** SUPPLIED MATERIAL follows **
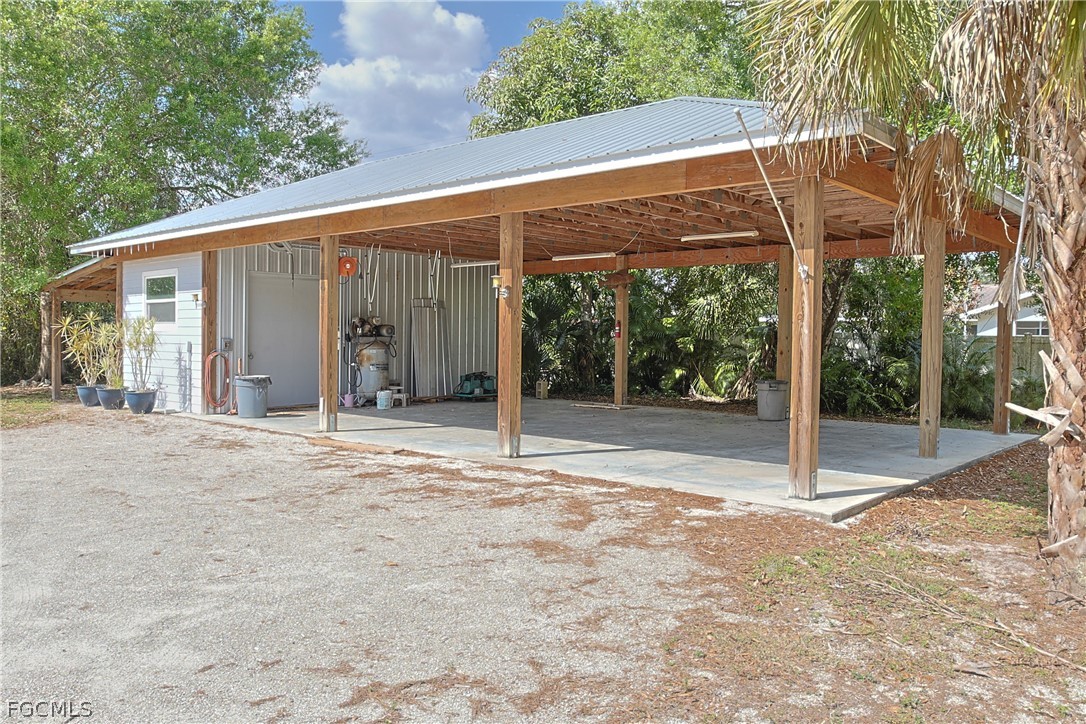 21531 Pearl Street Alva, FL 33920 - Photo 28 of 41 a view of a house with backyard and a porch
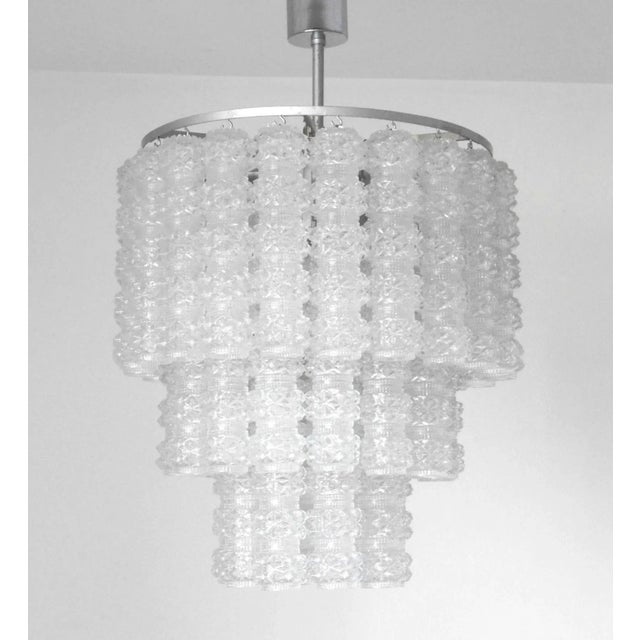 Vintage Italian chandelier with clear Murano glass tubes made in Rostrato technique hanging from silver painted metal...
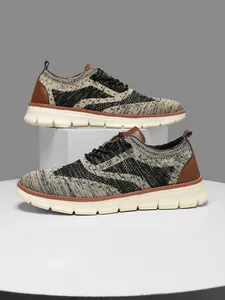 Detail of breathable knitted mesh sneakers for men featuring beige and black geometric patterns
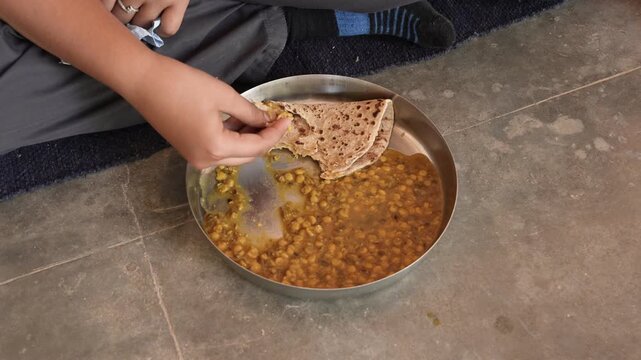 Rural Indian schoolboy eating midday meal of dal and chapati at school, child nutrition, school meal programs, food security, student welfare, and access to nutritious food in rural India. Closeup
** End of SUPPLIED MATERIAL **
● TASK PROMPT
What is needed is an exact copy of the lines from the start of the listing above through the line that holds "Vintage Italian chandelier", with the pictures left out.

● ANSWER BOX
 21531 Pearl Street Alva, FL 33920 - Photo 28 of 41 a view of a house with backyard and a porch
 Vintage Italian chandelier with clear Murano glass tubes made in Rostrato technique hanging from silver painted metal...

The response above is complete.